Due diligence is at the core of a lawyer’s daily activities and responsibilities, and clients are aware of this.
Yet attorney-client privilege has been increasingly threatened, and legitimately jeopardized by law firms failing to integrate the right measures to protect their clients – namely by mishandling confidential data, using unsecured technology, and not having a firm-wide BYOD policy to deal with this.
Hackers aren’t the only ones to blame. Just like leaving a client’s confidential file on the seat of a busy train, letting it pass through the hands of strangers for anyone to exploit is exactly what happens when you work with a client’s information on an unsecured personal mobile device, or use unsecured servers and networks.
All Hands In
42% of law firms (2015 ABA Legal Tech Survey) say that their technology has been infected with some form of virus, spyware, malware, with this mostly occurring in firms of 10- 49 staff (52%). Regardless of firm size, it only takes one weak link to jeopardize the security of an entire team. Universal participation and compliance is essential.
Identify limitations, permissible use, and deal breakers.
It’s essential to remember that the purpose of a BYOD policy is for security, and not employee monitoring.
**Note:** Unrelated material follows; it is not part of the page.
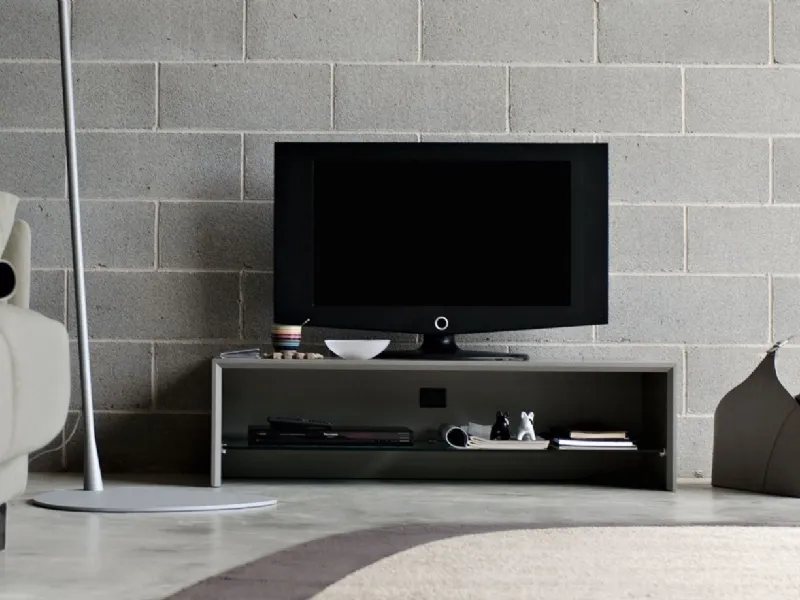 Porta tv per spazi ridotti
It should in no way be intrusive and overbearing – but practical and easy to enforce. If you’ve got past the first step and have the universal buy-in of team members, this should be inherent.
- Encourage employees to set up separate personal and professional logins on their devices
- Be vigilant in using unsecured internet access to process client information
- Draw the line on a few extremely clear boundaries, such as banning downloads from suspect sites to devices on which client PII is stored
Start with the basics
- Set up phone and laptop encryption, stronger passwords, and Google two-factor authentication
- Separate personal and professional accounts on different devices
- Frequently back up data stored on devices to your Clio, Dropbox or other cloud-computing account
- Create a data loss / theft reporting protocol
- Allow only use of secure servers – especially in countries vulnerable to hackers e.g. China, Russia.
Set a standard, and maintain it
The standard of practices for modern lawyers can typically be measured by California Rule of Professional Conduct 3-100 “It is the duty of an attorney to do all of the following:
(e)(1) To maintain inviolate the confidence, and at every peril to himself to preserve the secrets, of his or her client”. How technologically dependent will lawyers become to comply with this standard? This will largely depend on the ability of the firms to ensure compliance with protecting client information. Yet as a starting point:
- Ensure your employee signs the BYOD policy at time of employment along with other contractual agreements
- Ensure your employee has a full understanding of what it entails, how they can abide by it, and provide any additional information and technical assistance
- Nominate a Chief Information Security Officer to oversee compliance
- Frequently review processes for accessing, and maintaining client information, and how to securely dispose of files after the closing of a case
It is always going to be difficult to gauge how vulnerable you, your devices, or your firm are at any given time. You’re a lawyer, not an IT professional, and may not even be aware you’ve been hacked until you feel the repercussions! Take the appropriate steps to be in compliance with the legal ethics and security standards that ensure attorney-client confidentiality and secure the success of your legal practice.